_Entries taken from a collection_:
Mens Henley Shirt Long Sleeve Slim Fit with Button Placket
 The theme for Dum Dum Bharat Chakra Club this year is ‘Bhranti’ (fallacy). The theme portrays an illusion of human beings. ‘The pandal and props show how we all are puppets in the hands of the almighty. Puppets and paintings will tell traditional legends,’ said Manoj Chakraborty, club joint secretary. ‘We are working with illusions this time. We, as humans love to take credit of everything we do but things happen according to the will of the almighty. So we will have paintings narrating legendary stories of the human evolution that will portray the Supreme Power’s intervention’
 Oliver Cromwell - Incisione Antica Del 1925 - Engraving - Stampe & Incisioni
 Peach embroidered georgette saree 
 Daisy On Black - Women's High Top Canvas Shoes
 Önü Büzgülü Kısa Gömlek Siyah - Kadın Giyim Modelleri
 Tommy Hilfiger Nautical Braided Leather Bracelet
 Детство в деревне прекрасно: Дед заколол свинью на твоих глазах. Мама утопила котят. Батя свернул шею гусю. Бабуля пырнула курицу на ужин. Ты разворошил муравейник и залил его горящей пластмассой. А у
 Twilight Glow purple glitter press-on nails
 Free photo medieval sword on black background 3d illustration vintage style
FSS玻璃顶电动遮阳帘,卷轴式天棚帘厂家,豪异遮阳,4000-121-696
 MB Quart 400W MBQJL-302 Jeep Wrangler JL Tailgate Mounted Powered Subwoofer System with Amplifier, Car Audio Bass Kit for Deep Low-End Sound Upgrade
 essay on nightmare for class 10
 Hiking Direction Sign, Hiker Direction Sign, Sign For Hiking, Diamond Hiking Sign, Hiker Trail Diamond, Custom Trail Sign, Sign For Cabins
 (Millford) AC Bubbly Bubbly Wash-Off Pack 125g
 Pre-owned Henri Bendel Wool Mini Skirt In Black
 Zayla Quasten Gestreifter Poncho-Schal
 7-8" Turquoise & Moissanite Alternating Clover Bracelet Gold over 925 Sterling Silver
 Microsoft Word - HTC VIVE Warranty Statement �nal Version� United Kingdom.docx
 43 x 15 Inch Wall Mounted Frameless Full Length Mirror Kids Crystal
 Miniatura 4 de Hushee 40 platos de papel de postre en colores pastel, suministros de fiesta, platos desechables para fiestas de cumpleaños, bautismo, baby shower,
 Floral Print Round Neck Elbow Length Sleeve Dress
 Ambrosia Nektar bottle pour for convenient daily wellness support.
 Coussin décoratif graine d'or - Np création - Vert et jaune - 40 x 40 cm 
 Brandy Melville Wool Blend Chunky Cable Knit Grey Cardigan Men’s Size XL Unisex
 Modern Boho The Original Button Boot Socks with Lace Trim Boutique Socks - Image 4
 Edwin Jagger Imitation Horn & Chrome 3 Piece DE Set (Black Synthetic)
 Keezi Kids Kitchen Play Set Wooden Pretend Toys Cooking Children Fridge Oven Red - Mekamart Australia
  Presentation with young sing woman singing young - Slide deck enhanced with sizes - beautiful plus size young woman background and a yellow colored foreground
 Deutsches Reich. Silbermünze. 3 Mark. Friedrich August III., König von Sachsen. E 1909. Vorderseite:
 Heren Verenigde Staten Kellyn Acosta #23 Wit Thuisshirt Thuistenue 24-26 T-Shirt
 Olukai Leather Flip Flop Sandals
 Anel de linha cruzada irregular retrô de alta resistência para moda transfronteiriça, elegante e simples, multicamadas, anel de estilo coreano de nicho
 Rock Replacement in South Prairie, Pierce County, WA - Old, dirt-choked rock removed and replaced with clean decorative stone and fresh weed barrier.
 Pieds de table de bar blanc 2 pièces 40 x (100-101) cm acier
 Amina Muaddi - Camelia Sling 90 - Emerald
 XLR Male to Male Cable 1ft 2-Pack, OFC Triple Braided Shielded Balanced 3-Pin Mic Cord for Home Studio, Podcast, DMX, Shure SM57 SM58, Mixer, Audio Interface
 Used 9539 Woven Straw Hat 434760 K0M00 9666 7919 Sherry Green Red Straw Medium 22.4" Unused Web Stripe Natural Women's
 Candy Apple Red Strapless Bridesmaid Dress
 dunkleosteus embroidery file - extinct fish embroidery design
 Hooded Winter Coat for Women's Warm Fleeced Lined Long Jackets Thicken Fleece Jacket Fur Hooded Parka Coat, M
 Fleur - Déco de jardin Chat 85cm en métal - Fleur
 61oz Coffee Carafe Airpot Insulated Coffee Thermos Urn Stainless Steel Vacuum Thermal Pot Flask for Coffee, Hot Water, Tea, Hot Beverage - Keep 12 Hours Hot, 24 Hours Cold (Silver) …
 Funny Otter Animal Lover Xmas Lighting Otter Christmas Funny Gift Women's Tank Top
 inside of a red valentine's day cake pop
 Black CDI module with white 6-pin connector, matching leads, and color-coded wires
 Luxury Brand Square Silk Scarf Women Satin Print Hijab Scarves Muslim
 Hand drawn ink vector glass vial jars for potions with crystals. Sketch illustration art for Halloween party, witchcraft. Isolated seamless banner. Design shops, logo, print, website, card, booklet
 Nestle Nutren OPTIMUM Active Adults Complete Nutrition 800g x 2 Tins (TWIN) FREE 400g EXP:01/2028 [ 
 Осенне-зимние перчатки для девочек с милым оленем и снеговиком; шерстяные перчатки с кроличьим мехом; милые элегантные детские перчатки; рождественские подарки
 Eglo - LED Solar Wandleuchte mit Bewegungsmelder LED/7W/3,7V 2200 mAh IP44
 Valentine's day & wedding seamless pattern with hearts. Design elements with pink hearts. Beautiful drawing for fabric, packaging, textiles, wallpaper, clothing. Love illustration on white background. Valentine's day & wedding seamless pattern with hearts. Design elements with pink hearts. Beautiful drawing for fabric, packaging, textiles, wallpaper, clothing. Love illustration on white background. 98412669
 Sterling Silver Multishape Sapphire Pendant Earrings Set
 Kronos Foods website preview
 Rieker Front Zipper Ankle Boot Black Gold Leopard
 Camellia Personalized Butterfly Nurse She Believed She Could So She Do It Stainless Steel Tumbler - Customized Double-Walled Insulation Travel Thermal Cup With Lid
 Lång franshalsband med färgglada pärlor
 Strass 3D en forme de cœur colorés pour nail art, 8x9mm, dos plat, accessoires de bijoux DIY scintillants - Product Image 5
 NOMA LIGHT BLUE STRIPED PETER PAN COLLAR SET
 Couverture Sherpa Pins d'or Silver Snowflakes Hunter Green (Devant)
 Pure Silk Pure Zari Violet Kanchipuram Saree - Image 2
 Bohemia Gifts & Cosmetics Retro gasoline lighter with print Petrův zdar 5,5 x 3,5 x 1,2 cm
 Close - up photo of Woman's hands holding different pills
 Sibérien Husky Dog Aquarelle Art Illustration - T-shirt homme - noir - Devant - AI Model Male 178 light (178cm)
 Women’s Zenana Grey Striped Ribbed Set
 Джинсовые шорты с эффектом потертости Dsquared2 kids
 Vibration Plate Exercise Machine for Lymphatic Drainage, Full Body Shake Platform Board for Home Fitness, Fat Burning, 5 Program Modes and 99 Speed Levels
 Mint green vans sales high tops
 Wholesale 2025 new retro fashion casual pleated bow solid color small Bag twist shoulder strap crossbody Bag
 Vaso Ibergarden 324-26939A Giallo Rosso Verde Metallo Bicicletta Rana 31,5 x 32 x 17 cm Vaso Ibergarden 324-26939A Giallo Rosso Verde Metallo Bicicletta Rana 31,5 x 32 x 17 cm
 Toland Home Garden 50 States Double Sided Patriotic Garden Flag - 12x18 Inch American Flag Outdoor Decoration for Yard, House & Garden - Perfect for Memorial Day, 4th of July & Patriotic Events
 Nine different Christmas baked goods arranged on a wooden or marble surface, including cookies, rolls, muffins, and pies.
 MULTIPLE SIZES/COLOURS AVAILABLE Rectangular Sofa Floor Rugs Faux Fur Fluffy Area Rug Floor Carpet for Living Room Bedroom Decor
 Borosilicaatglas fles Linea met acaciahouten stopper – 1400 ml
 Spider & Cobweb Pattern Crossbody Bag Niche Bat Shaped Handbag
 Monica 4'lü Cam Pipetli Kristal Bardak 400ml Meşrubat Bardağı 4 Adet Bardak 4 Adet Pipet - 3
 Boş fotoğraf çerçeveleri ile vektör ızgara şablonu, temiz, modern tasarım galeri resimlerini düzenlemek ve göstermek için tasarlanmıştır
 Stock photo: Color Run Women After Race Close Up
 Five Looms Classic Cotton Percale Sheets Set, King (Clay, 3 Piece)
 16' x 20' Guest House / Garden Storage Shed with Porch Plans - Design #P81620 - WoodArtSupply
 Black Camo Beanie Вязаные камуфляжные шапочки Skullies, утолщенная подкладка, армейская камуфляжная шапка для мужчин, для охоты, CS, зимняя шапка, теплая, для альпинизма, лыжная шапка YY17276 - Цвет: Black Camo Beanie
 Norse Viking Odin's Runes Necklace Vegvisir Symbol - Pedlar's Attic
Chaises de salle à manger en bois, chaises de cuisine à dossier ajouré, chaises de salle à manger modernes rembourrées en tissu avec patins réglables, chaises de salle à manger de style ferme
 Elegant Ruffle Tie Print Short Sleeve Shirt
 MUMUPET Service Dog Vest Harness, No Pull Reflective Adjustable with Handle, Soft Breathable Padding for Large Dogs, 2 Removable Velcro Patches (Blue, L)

_Description of the task_: Look through the records above for the string "Bracelet", then copy every line that has it.

_Your solution_:
 Tommy Hilfiger Nautical Braided Leather Bracelet
 7-8" Turquoise & Moissanite Alternating Clover Bracelet Gold over 925 Sterling Silver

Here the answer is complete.